ZURICH • Swiss voters probably dismissed a radical proposal to overturn one of the financial system's core tenets. The so-called sovereign money initiative, or "Vollgeld", would have ended the system of fractional reserve banking that's been around for centuries by allowing only the Swiss National Bank to "create" money.
But the initiative is set for rejection, according to an early projection from Swiss television SRF. Official results of the plebiscite were due later yesterday.
While polls had suggested "no" was likely, the fact supporters were able to muster the 100,000 signatures necessary to put it on the ballot is testament to the ongoing distaste about the financial industry still palpable a decade after the financial crisis.
While that was sparked by the collapse of Lehman Brothers, Switzerland did not escape, and was forced in 2008 to bail out UBS, its biggest bank. Proponents of Vollgeld argue that by putting the central bank solely in charge of steering the amount of money in the economy, there would be more safeguards to prevent the kind of asset price bubbles that caused the 2008 financial crisis.
While the movement has gained the most prominence in Switzerland, thanks to its system of direct democracy, it has also found favour in other countries, such as Germany and the UK.
Yet critics, notably the Swiss government and the SNB, campaigned against the plan, saying it could cripple the economy and politicise monetary policy. "This is basically trying to do away with one of the major types of instruments that we've seen in banking for hundreds of years," said Professor Martin Brown from the University of St Gallen.

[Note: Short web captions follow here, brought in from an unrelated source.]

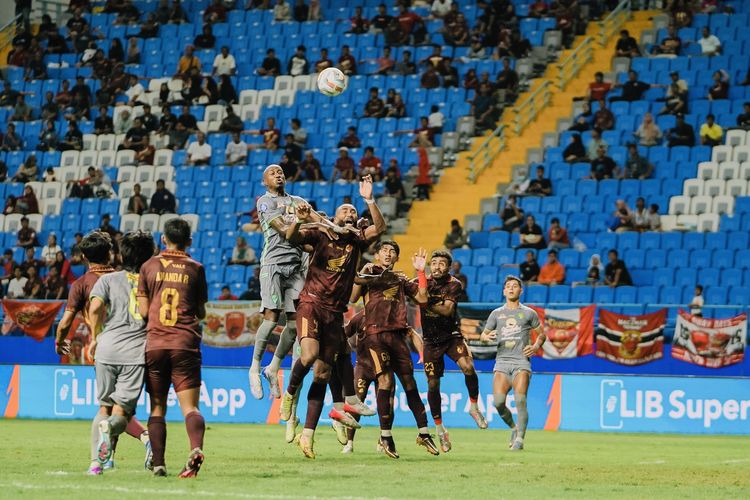 Laga pekan ke-26 Liga 1 2023-2024 antara tuan rumah PSM Makassar melawan Persebaya Surabaya yang berakhir dengan skor 0-0 di Stadion Batakan Balikpapan, Rabu (28/2/2024) malam.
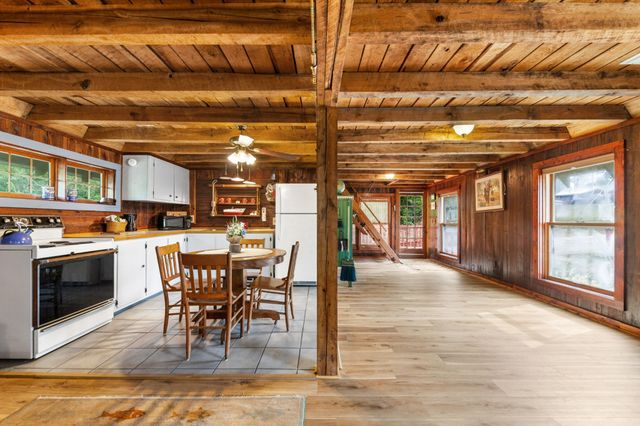 4428 Deer Creek Rd, Linden, TN 37096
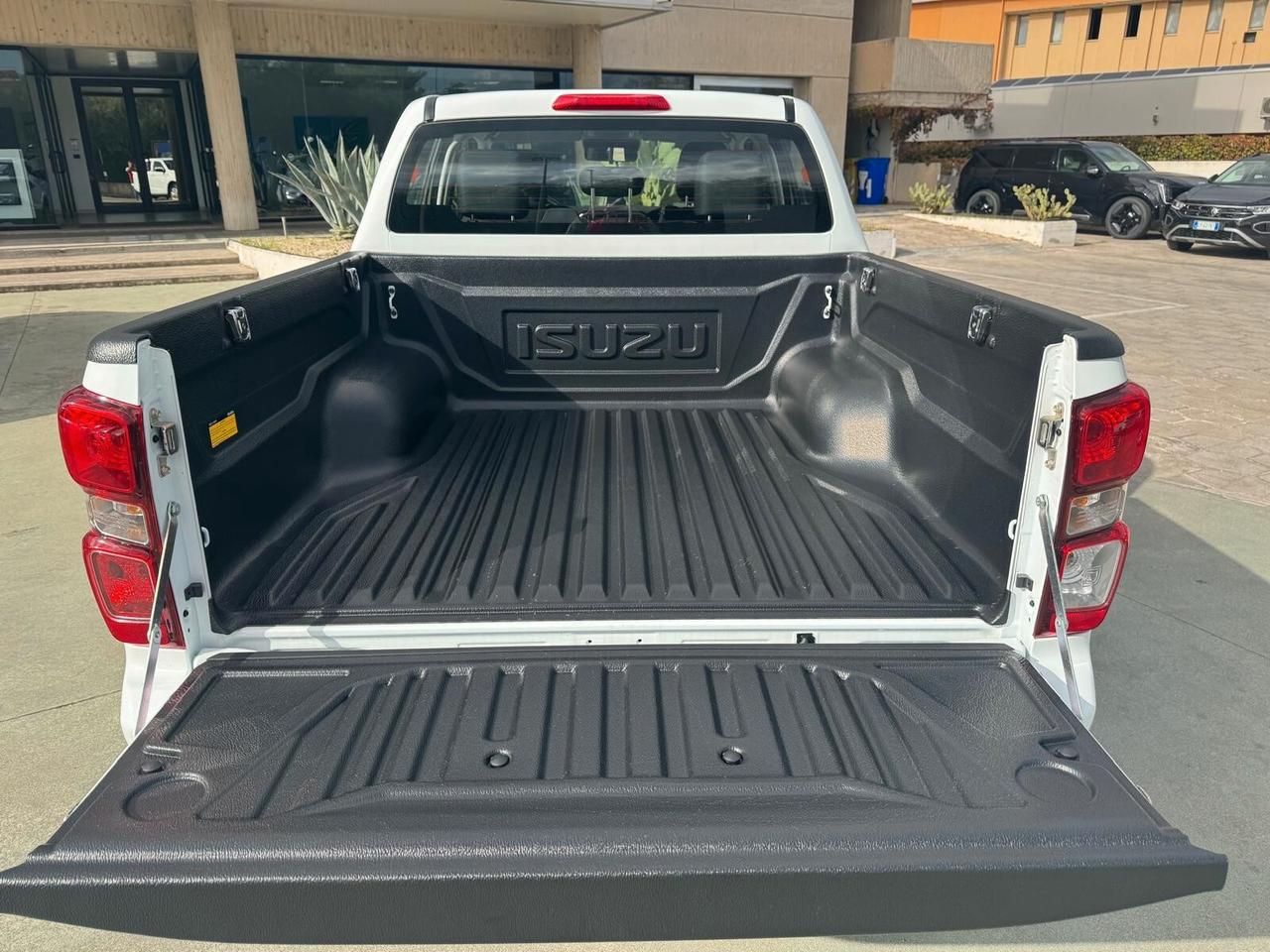 Isuzu D-Max N60 1.9 aut. Crew BB+ KM O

Were the measure to pass, banks would have to adjust their business models and "look for funding from other sources", he said.
Plebiscites and referendums are a key feature of Switzerland's tradition of direct democracy, with votes on a wide variety of topics ranging from licence fees for the public broadcaster to immigration quotas and even public defenders for mistreated animals taking place several times a year.